**Data for this task:**
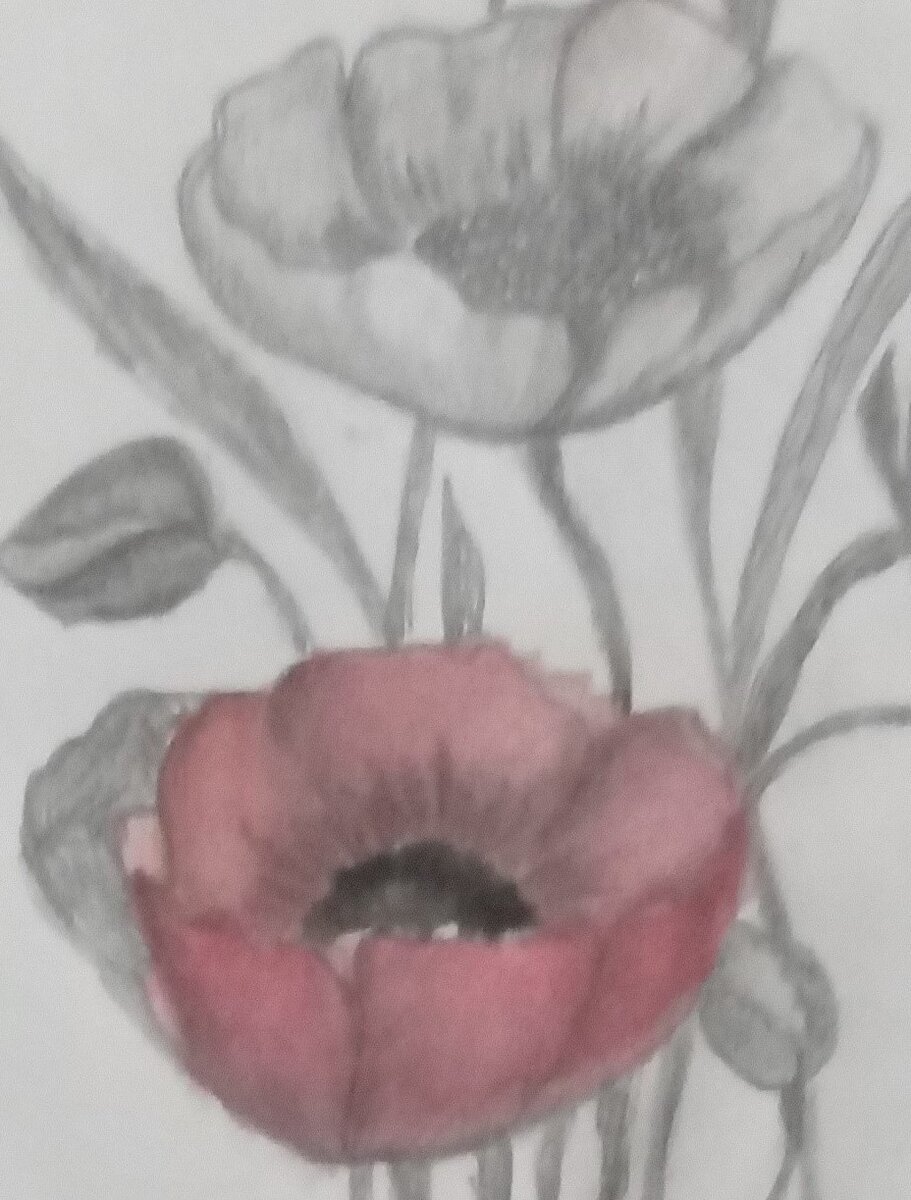                                                                        Рисунок автора.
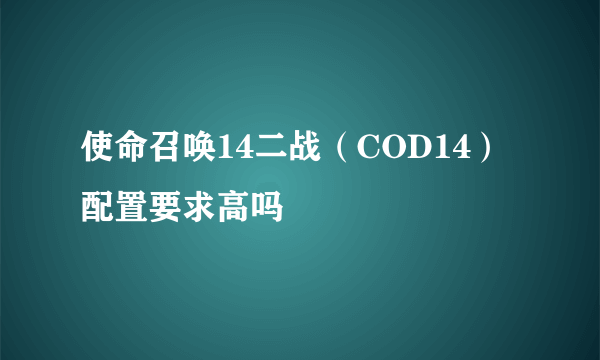 使命召唤14二战（COD14）配置要求高吗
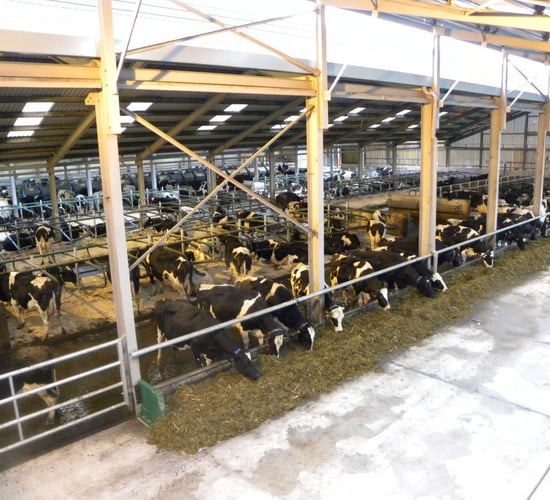 Inside the €2.3m UCD dairy research farm at Lyons
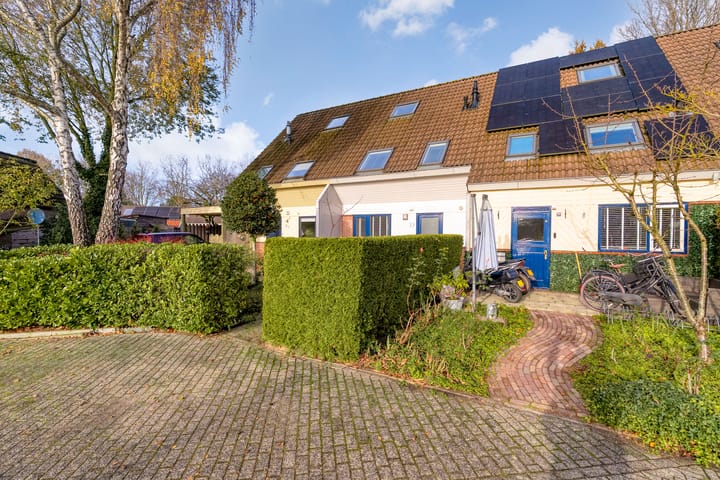 Foto 2 van Hagedis 27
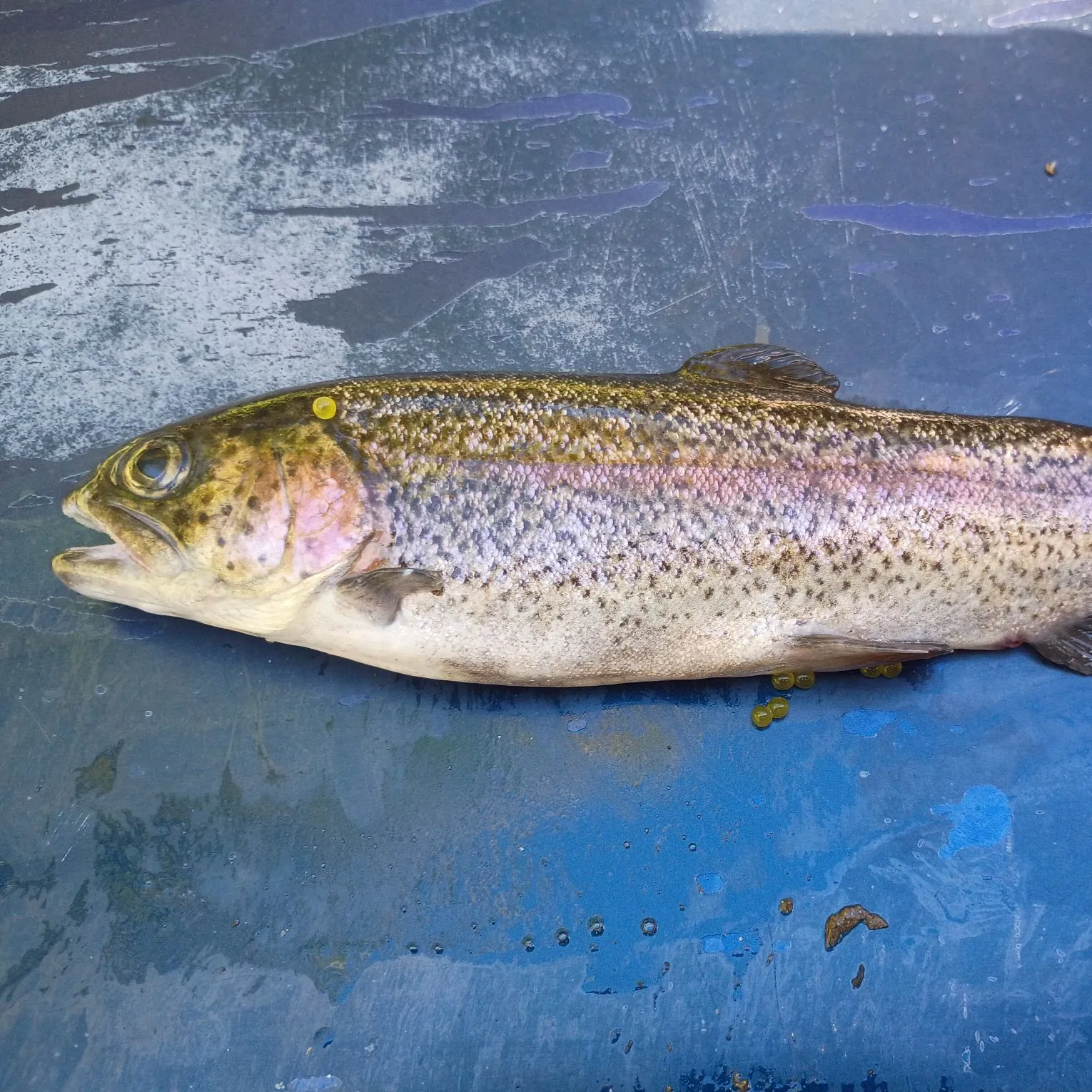 Rainbow trout caught on Fishbrain
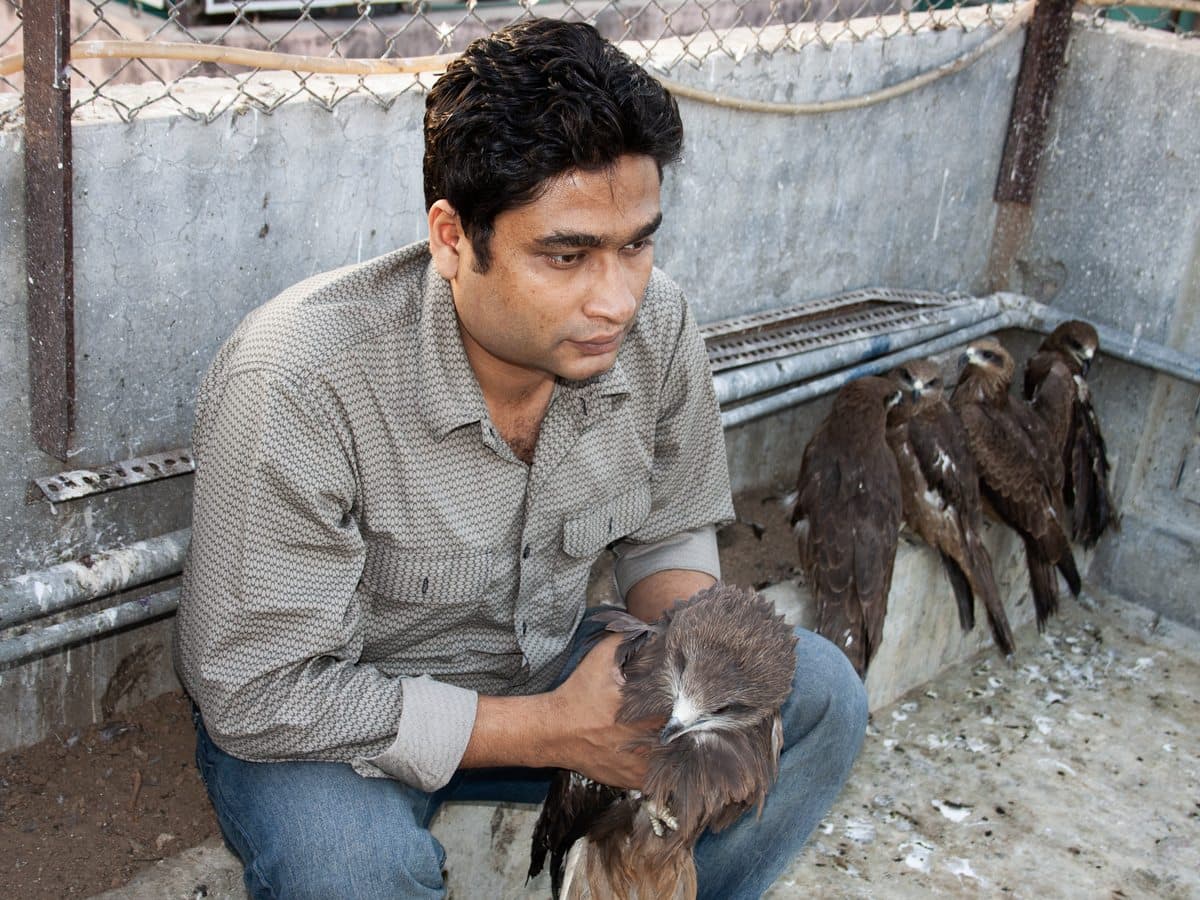 Nadeem Shehzad — Co-Founder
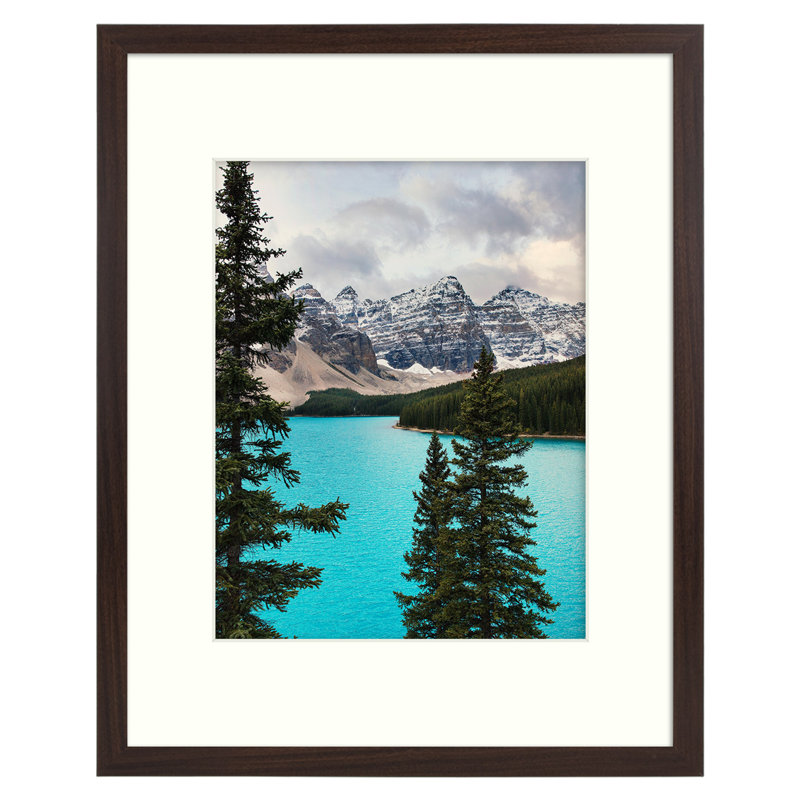 Cadre pour photo simple en bois mat - Basics by Wayfair ™, Noyer, 16 po x 20 po emmêlé à 11 po x 14 po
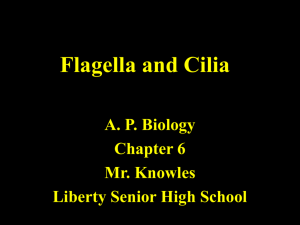 Flagella and Cilia - Liberty Public Schools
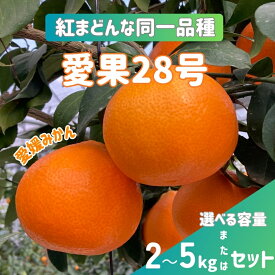 【ふるさと納税】愛果28号 紅まどんなと同一品種 みかん 愛媛県産 【選べる容量】 2kg 3kg 5kg 訳あり ご家庭用 優品 贈答用 先行予約 ＜2026年11月下旬から順次発送予定＞ レッスルファーム 数量限定 おすすめ 美味しい おいしい グルメ フルーツ くだもの 人気 柑橘 伊予市
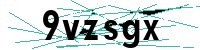 Security verification captcha
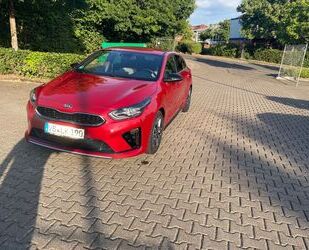 Kia pro ceed / ProCeed Gebrauchtwagen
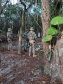 Reforço da presença da PM na Ilha do Mel inibe tráfico de drogas e invasão de áreas de proteção ambiental
. Foto:PMPR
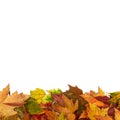 Background frame isolated colorful autumn leaves wedding party i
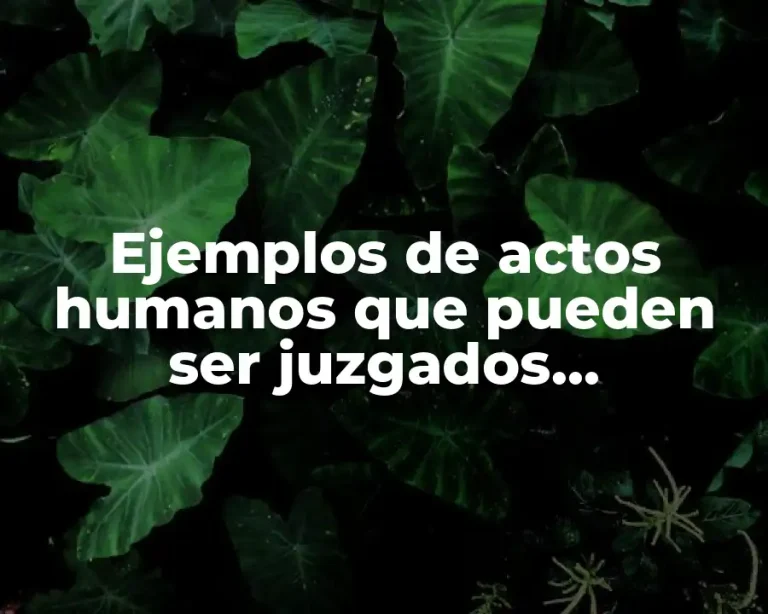 Ejemplos de actos humanos que pueden ser juzgados eticamente.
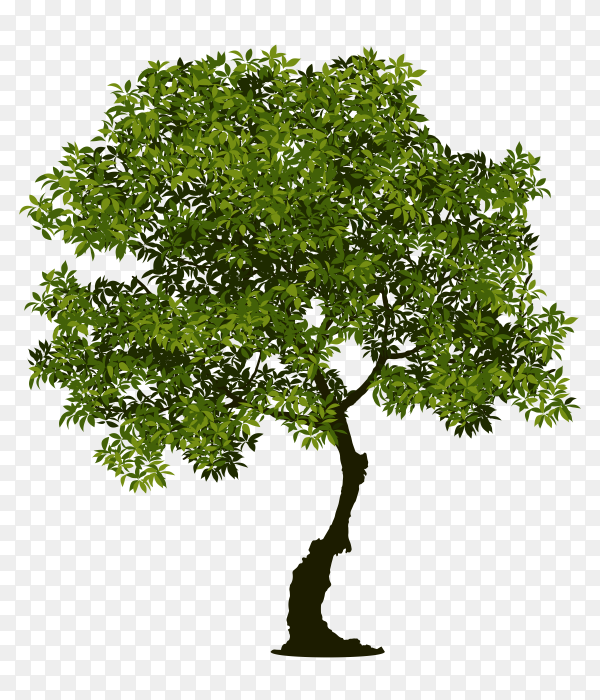 Detail Tree Transparent Nomer 25
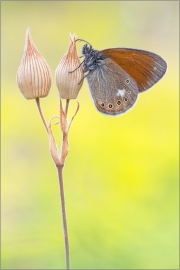 Rotbraunes Wiesenvögelchen (Coenonympha glycerion) 02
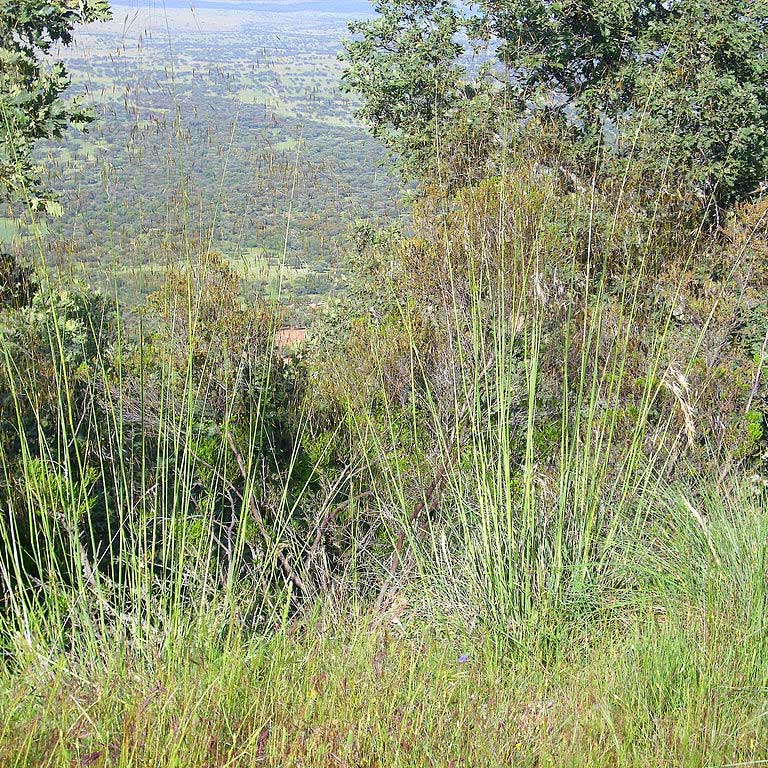 Avoine géante © DR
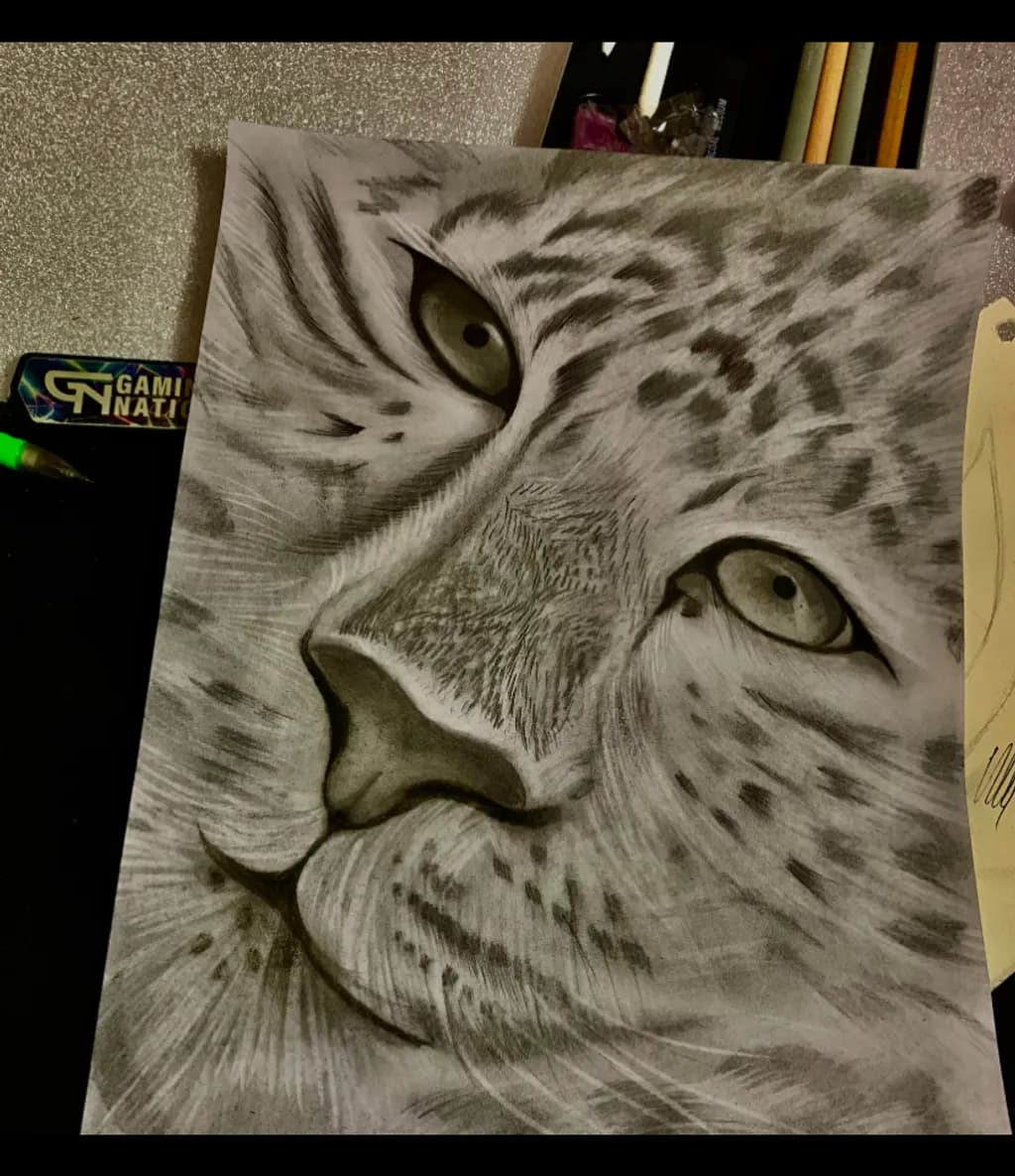 Leopard Gaze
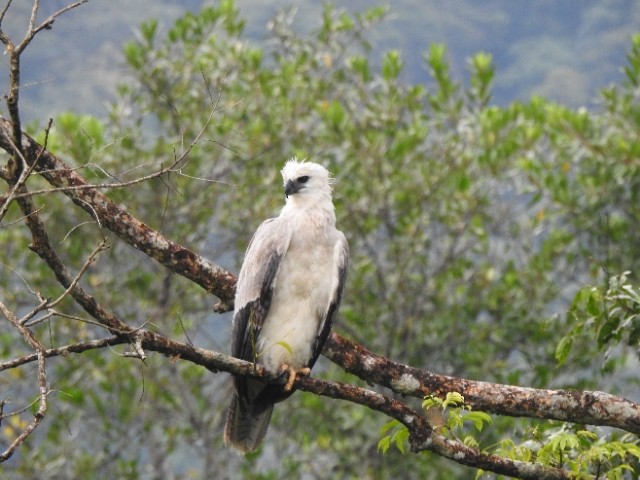 Harpy Eagle - ML481904141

**Required work:**
From the line that includes "Nadeem Shehzad — Co-Founder" on down to the last line of the entries above, set down each line exactly, leaving out the pictures.

**Answer space:**
 Nadeem Shehzad — Co-Founder
 Cadre pour photo simple en bois mat - Basics by Wayfair ™, Noyer, 16 po x 20 po emmêlé à 11 po x 14 po
 Flagella and Cilia - Liberty Public Schools
 【ふるさと納税】愛果28号 紅まどんなと同一品種 みかん 愛媛県産 【選べる容量】 2kg 3kg 5kg 訳あり ご家庭用 優品 贈答用 先行予約 ＜2026年11月下旬から順次発送予定＞ レッスルファーム 数量限定 おすすめ 美味しい おいしい グルメ フルーツ くだもの 人気 柑橘 伊予市
 Security verification captcha
 Kia pro ceed / ProCeed Gebrauchtwagen
 Reforço da presença da PM na Ilha do Mel inibe tráfico de drogas e invasão de áreas de proteção ambiental
. Foto:PMPR
 Background frame isolated colorful autumn leaves wedding party i
 Ejemplos de actos humanos que pueden ser juzgados eticamente.
 Detail Tree Transparent Nomer 25
 Rotbraunes Wiesenvögelchen (Coenonympha glycerion) 02
 Avoine géante © DR
 Leopard Gaze
 Harpy Eagle - ML481904141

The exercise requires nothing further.